Retype every entry below without any change.
- Opening Delimiter -
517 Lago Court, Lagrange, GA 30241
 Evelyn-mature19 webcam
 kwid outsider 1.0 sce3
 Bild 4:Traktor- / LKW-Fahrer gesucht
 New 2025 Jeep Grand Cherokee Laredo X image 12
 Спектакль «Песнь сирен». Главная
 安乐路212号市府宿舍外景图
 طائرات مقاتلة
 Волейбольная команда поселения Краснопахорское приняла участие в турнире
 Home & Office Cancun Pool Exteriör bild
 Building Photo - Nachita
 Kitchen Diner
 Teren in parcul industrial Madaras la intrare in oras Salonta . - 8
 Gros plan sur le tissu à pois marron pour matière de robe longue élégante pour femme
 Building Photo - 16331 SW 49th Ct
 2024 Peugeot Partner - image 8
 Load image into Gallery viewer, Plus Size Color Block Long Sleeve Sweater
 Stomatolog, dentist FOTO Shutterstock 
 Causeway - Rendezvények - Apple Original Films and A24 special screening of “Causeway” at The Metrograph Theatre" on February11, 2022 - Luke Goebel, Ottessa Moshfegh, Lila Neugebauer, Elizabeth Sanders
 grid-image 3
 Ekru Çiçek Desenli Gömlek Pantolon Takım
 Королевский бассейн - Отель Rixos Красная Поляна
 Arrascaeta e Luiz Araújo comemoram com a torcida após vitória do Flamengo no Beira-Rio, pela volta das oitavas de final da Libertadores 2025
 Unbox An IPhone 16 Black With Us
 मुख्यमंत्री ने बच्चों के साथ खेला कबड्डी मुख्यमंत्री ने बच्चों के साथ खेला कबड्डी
- Closing Delimiter -
> [RESULT]:
517 Lago Court, Lagrange, GA 30241
 Evelyn-mature19 webcam
 kwid outsider 1.0 sce3
 Bild 4:Traktor- / LKW-Fahrer gesucht
 New 2025 Jeep Grand Cherokee Laredo X image 12
 Спектакль «Песнь сирен». Главная
 安乐路212号市府宿舍外景图
 طائرات مقاتلة
 Волейбольная команда поселения Краснопахорское приняла участие в турнире
 Home & Office Cancun Pool Exteriör bild
 Building Photo - Nachita
 Kitchen Diner
 Teren in parcul industrial Madaras la intrare in oras Salonta . - 8
 Gros plan sur le tissu à pois marron pour matière de robe longue élégante pour femme
 Building Photo - 16331 SW 49th Ct
 2024 Peugeot Partner - image 8
 Load image into Gallery viewer, Plus Size Color Block Long Sleeve Sweater
 Stomatolog, dentist FOTO Shutterstock 
 Causeway - Rendezvények - Apple Original Films and A24 special screening of “Causeway” at The Metrograph Theatre" on February11, 2022 - Luke Goebel, Ottessa Moshfegh, Lila Neugebauer, Elizabeth Sanders
 grid-image 3
 Ekru Çiçek Desenli Gömlek Pantolon Takım
 Королевский бассейн - Отель Rixos Красная Поляна
 Arrascaeta e Luiz Araújo comemoram com a torcida após vitória do Flamengo no Beira-Rio, pela volta das oitavas de final da Libertadores 2025
 Unbox An IPhone 16 Black With Us
 मुख्यमंत्री ने बच्चों के साथ खेला कबड्डी मुख्यमंत्री ने बच्चों के साथ खेला कबड्डी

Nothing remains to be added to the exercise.